Brief descriptive captions —
☆ ☆ ☆

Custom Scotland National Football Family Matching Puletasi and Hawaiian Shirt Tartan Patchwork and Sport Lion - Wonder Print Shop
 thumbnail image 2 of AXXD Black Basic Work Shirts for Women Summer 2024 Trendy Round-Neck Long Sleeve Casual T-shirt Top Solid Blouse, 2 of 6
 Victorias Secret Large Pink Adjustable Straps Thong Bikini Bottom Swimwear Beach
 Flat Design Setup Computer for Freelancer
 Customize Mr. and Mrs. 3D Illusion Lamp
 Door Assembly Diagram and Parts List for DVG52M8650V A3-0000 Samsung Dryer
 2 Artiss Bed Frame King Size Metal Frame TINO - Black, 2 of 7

☆ ☆ ☆

Exercise description —
Your answer should be all of the records, transcribed exactly.

Problem solution —
Custom Scotland National Football Family Matching Puletasi and Hawaiian Shirt Tartan Patchwork and Sport Lion - Wonder Print Shop
 thumbnail image 2 of AXXD Black Basic Work Shirts for Women Summer 2024 Trendy Round-Neck Long Sleeve Casual T-shirt Top Solid Blouse, 2 of 6
 Victorias Secret Large Pink Adjustable Straps Thong Bikini Bottom Swimwear Beach
 Flat Design Setup Computer for Freelancer
 Customize Mr. and Mrs. 3D Illusion Lamp
 Door Assembly Diagram and Parts List for DVG52M8650V A3-0000 Samsung Dryer
 2 Artiss Bed Frame King Size Metal Frame TINO - Black, 2 of 7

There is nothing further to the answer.